Security researchers have recently identified several attack campaigns that use APT-like targeting techniques and deploy Brute Ratel C4 (BRc4), a relatively new adversary simulation framework.

While hackers abusing penetration testing tools is not a new development -- Cobalt Strike and Metasploit's Meterpreter have been used by threat groups for years -- Brute Ratel is focused on detection evasion techniques, so it might pose a real challenge to defence teams.

"The emergence of a new penetration testing and adversary emulation capability is significant," researchers from security firm Palo Alto Networks said in a new report analysing several recent samples. "Yet more alarming is the effectiveness of BRc4 at defeating modern defensive EDR and AV detection capabilities."

Brute Ratel a part-time hobby project that became a commercial product

Brute Ratel is developed by Chetan Nayak, also known as Paranoid Ninja, a former detection engineer and red teamer who lists CrowdStrike and Mandiant as past employers. The project was launched in December 2020 and slowly grew in features and capabilities.

In January, Nayak announced that he has decided to focus full time developing the tool and associated training courses and released major version 1.0 in May.

The tool now provides the capability to write command-and-control channels that use legitimate services like Slack, Discord and Microsoft Teams. It can inject shellcode into existing processes and use undocumented syscalls instead on normal Windows API calls that are monitored by security software. 

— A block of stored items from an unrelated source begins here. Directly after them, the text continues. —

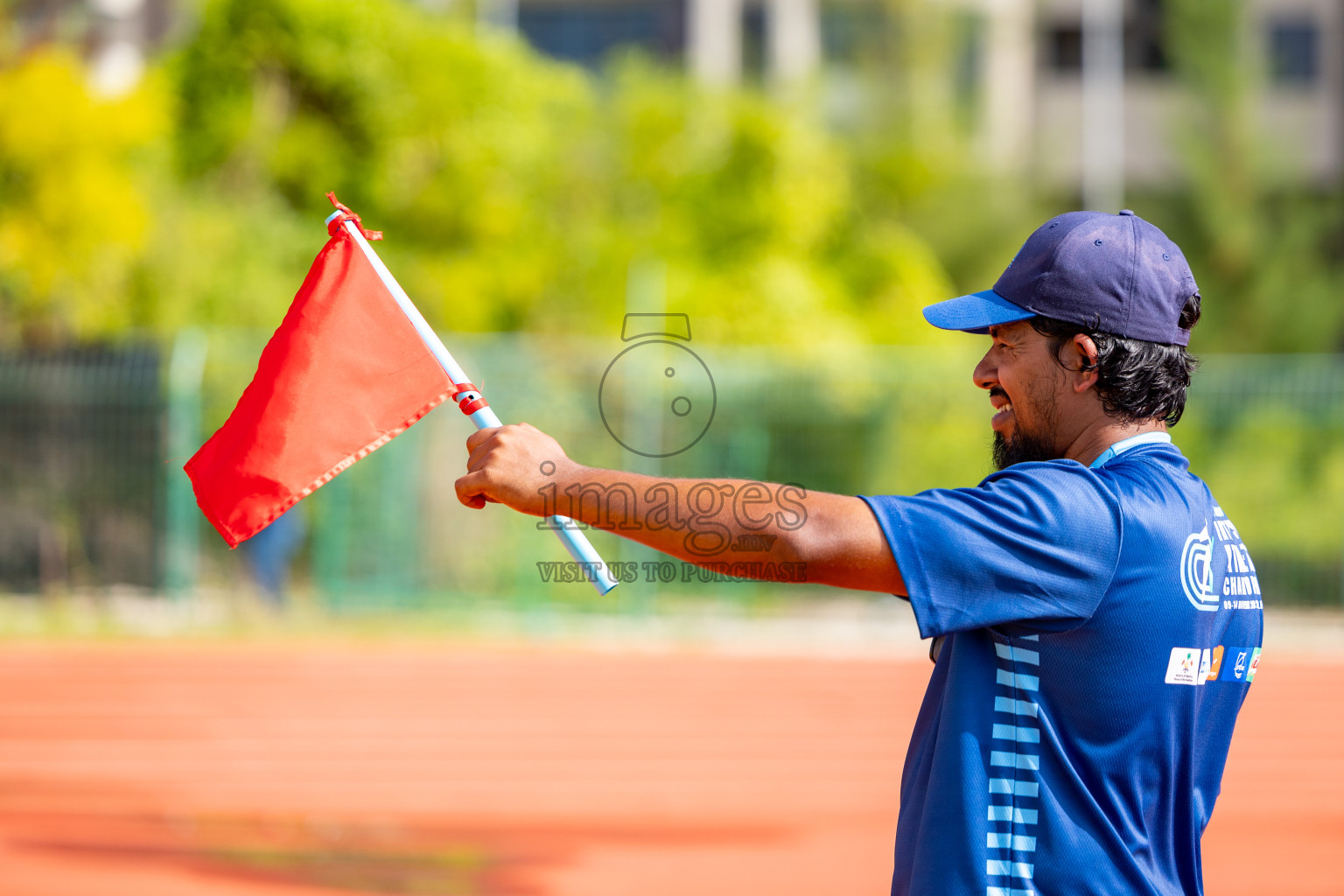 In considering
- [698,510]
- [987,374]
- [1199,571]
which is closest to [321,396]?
[698,510]

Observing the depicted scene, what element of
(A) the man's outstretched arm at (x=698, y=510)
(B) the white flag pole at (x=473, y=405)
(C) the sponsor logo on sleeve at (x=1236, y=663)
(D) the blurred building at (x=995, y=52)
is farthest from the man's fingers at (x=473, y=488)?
(D) the blurred building at (x=995, y=52)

BRc4 can also perform in-memory execution of various types of code and scripts as well as DLL reflection techniques. It has a graphic interface for LDAP queries across domains and includes a debugger that detects EDR hooks and avoids triggering their detection.

According to Nayak's Twitter posts, BRc4 has more than 350 customers who bought more than 480 licenses. A one-year licence costs $2,500 and a renewal $2,250. While this might seem expensive for an independent penetration tester, the cost is quite affordable for both legitimate companies as well as malicious threat actors.

Signs of BRc4 misuse

The Palo Alto Networks researchers recently found a malware sample from May that deployed BRc4 and used packaging and delivery techniques that were similar to those observed in recent APT29 campaigns.

APT29, also known as Cozy Bear, is a threat group believed to be associated with or part of one of Russia's intelligence agencies. It was responsible for attacks against many government agencies over the years, including the attack on the Democratic National Committee in the U.S. in 2016.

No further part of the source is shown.